Friday, March 4, 2011

Le Rouge et le Noir

When I was doing stage 2 French at Canterbury University, I'm afraid I managed to slip through without more than the most superficial acquaintance of this novel by Stendhal (ie, going to the lectures but not actually opening the book. Shhh.) I probably wouldn't have enjoyed it, if it was like the ones I did plough through, especially the modern ones later on: stiflingly intense and humourless. And so many words. Surprisingly, perhaps, I much preferred the German literature I studied, especially Wolfgang Borchert, especially Nachts schlafen die Ratten doch (I love that use of doch) - a wartime story about a little boy worried that rats would eat his brother's corpse under the rubble, if he didn't keep watch through the night; until an old man tells him "The rats sleep at night."

Yesterday they officially switched from rescue to recovery in Christchurch. It's been a week since anyone was rescued alive. Many bodies still lie under the broken buildings, and the work continues to find them, but it will be a long, slow business, despite heartening help from disaster teams here from Australia, the UK, US, Korea, Japan, China...

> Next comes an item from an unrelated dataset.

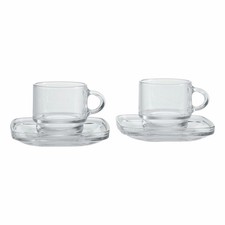 Ritzenhoff & Breker Set di 2 Tazzine da Espresso Americano con Piattini, Vetro, 80 ml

And today it was officially Red and Black Day: Canterbury colours worn around the country in support by everyone from schoolkids to the Prime Minister. A couple of streets away here on Auckland's North Shore, a Canterbury student is organising a grand garage sale to raise money for Christchurch. She looks so young, and eager, and has energy in spades (literally) like all the newly-formed and fabulous Student Volunteer Army. Good for them.
Photos show the old Townsite university, now the Arts Centre. That tower above was how it looked in 2009; the photo below was taken in November after the first earthquake. I wonder how it looks today?